NOAA IOOS Ocean Technology Transition Awards $1M to Enhance and Operate Ocean Aero’s Triton Class Autonomous Vehicle to Collect Remote Water Samples to Monitor Harmful Algal Blooms (HABs)

San Diego, California—August 26, 2020—As part of the NOAA-led Integrated Ocean Observing System (IOOS) Ocean Technology Transition (OTT) program, the University of Washington, Oregon State University, Ocean Aero, the Northwest Association of Networked Ocean Observing Systems (NANOOS), and NOAA Northwest Fisheries Science Center partners will receive $1M in funding over the next three years to enhance and deploy Ocean Aero’s Triton Class autonomous vehicle to augment HAB sampling at remote offshore locations on the Oregon and Washington coasts.

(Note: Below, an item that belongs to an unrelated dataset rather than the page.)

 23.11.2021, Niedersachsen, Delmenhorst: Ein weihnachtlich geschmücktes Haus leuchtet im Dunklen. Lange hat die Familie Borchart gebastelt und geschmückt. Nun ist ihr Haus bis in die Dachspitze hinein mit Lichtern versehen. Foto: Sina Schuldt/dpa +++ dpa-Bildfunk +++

“Harmful Algal Blooms can cause severe environmental, economic, and societal damage, and the water sampling system we are developing with the University of Washington Applied Physics Laboratory (UWAPL) increases the ability to detect and mitigate the effects of HABs,” said Neil Trenaman, Executive Vice President of Strategic Business Development at Ocean Aero. “NOAA, IOOS, and the other partners in this program are demonstrating scientific leadership by incorporating intelligent autonomy into its efforts.”

Unlike vessel-based sampling that is often hampered by rough weather conditions common during seasons when HABs are of the greatest concern—namely the early spring and the fall—Ocean Aero’s Triton can survive extreme ocean conditions and operate in sea states of up to 15 feet with 30 knot winds. The Triton can conduct sampling when smaller human-operated vessels can’t sample. The Triton also is wind and solar powered and has a significantly-reduced carbon footprint than conventional sampling methods.

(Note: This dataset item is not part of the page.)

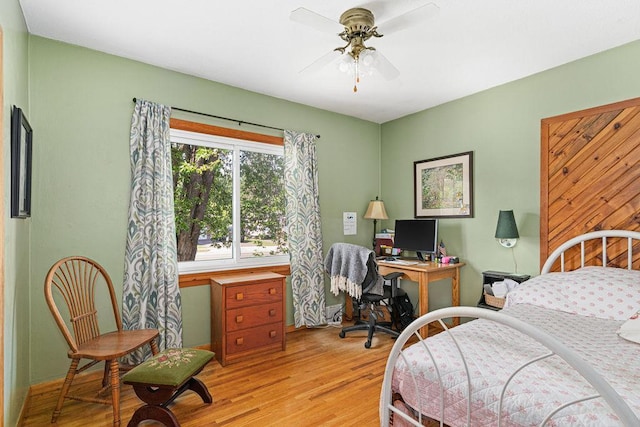 4918 Glenwood St, Duluth, MN 55804 - bedroom featuring an office area, light wood-style floors, and ceiling fan
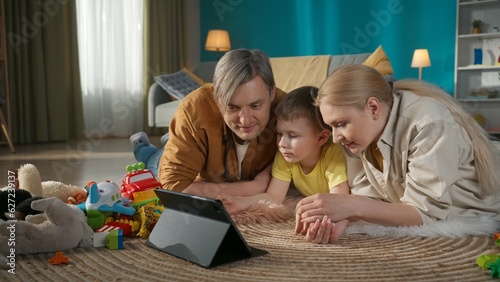 Young parents mother and father with their little kid spending time together watching tablet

“Collecting offshore HAB samples in critical HAB source regions has always been challenging due to the remoteness of these regions and because of typically-inclement weather in HAB seasons.” Said John Mickett, Project Lead at UWAPL. “We are hopeful that the Triton will largely overcome these issues to provide invaluable HAB samples that will significantly improve HAB monitoring and forecasts in the Pacific Northwest.”

With the ability to travel at an average speed of 2-3 kts, the Triton will be launched from a marina, travel offshore for roughly 12-24 hours (~40-70 km), and then return to port collecting up to 10-15 georeferenced, time-stamped water samples at designated waypoints along the way. Once ashore, the samples will be rapidly analyzed for HAB species types and cell concentrations as well as toxin (domoic acid) concentrations. Processing will be completed within ~24-30 hours of the first sample collected, with the results transferred to an online data display developed by NANOOS on the HABs website.

“NANOOS will aid the project to assure that end-user groups can access the data and information for informed decisions.” Said Jan Newton, NANOOS Executive Director.

The improved offshore HAB sampling by the Ocean Aero Triton will provide valuable measurements to the Pacific Northwest (PNW) HAB Bulletin, ground-truthing HAB forecasts, significantly enhancing HAB forecast accuracy, and providing essential measurements of toxin concentration---which presently cannot be modeled with skill. Additionally, for several days to a week following the deployments, the rapid measurements will act as an early warning system, allowing the detection (w/in 36 hours of sampling) of offshore HABs and toxins prior to them reaching inshore areas where there is increased risk to human health and fisheries. Both of these results will significantly reduce the risk and the economic impacts of HABs in the PNW. 

This project will rely heavily on existing partnerships to carry out the proposed deployments, including NANOOS, which is the Pacific Northwest IOOS Regional Association, the Olympic Regional Harmful Algal Bloom (ORHAB) Partnership, the Oregon State University (OSU)-NOAA (CIMRS) partnership and collaboration with the Oregon Department of Fish and Wildlife. This approach will both ensure close integration with existing HAB monitoring efforts and will facilitate the transition to long-term operations.